I’m mortified to say that I’ve been watching a lot of olympic ice skating lately. Not the cool short-track kind, or even the boring time-trial kind with the funny-looking people in gumby suits, but the dancing kind, where there’s nothing actually happening except for skating around and jumping and twirling. It’s mind-numbingly dull: everyone does basically the same stuff to basically the same music, and the only real suspense is whose costume will out-ridiculous everyone else’s. My vote for these games goes to the ice dancer lady with the tasseled pasties layered on top of a flesh-covered bodysuit, but the Russians’ red and yellow ketchup-and-mustard-explosion-wear comes in a close second.

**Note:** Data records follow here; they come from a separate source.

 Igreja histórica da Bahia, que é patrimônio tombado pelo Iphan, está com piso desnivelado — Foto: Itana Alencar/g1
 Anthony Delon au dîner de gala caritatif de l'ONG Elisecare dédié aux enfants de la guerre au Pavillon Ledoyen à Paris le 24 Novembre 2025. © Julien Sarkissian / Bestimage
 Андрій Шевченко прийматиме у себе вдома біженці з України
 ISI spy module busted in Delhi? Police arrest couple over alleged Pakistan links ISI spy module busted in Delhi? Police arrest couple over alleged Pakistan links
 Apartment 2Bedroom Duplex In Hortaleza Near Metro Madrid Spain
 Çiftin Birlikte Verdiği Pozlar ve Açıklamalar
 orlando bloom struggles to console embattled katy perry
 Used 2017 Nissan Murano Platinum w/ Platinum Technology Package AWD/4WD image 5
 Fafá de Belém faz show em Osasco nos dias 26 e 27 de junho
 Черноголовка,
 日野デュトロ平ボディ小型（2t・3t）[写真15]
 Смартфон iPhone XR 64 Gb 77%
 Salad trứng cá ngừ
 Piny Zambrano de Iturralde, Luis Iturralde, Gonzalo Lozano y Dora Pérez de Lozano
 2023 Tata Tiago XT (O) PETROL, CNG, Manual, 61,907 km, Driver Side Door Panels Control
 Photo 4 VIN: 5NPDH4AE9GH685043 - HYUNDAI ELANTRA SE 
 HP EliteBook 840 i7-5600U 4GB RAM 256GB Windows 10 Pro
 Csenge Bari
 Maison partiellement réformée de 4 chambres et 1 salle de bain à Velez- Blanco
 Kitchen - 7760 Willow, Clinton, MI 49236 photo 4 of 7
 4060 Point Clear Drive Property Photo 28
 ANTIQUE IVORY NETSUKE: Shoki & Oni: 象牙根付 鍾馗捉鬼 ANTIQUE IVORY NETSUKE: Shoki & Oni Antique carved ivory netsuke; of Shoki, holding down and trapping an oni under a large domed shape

Nevertheless, I have to admit that a few of the female skaters are just amazing to watch. The best of them seem almost otherworldly when they perform, more spirits than women, ice dryads on a delicate incorporeal plane that just happens to touch our own, briefly, every four years.
So it’s really weird to hear the names that the skating establishment, in its questionable wisdom, has given some of the standard maneuvers. One of them in particular: the Salchow. It’s named after the Swedish skater who invented it, which is fine, but it’s pronounced sow-cow, which isn’t. When I see these diaphanous goddesses twirling gracefully through the air, I don’t want to think about pigs and cows. I really don’t. But some broadcaster always squeals triple sow-cow!, and shatters the whole thing.
Couple that unlovely image with the lutz, which sounds a lot like klutz, and the axel, which brings to mind garage-metal and grease, and you have a pretty good case for a complete overhaul of skating nomenclature. Maybe using more latinate roots this time. All these germanic names have too many hard consonants, too many throaty unpleasant syllables.
Or, someone could hire me to do it. I’d be quite happy to change things around a bit.
Announcer 1: Ok, now Yvette Foreskaya is about to execute a triple lutz followed by a quadruple sow-cow. And there she goes! Oh, perfect! Perfect!
Announcer 2: I don’t think I’ve seen anything so lovely since Irena Trantitritoff’s quintuple corkscrew farty-plop in the 2002 games at … OH MY GOD, was that a double-triple snotcramp?!!
Announcer 1: Yes it was! Absolutely lovely, George. And now she’s getting ready for her signature jump, the quadruple skunkpoop-stinkbladder. There she goes … OH NO! She’d down!
Announcer 2: Tragic, just tragic. I think that pretty much does it for Foreskaya. As she picks herself off the ice, you have to wonder, Melanie, whether she overreached here. No one’s attempted the stinkbladder since Olga Drankalangle dislocated her pelvis attempting it in the 1988 Olympics Games. …
Yeah. I’d take that contract in a second. And after I’m done with that, I’ll move on to ballroom dancing. Waltz? Box-step? Please.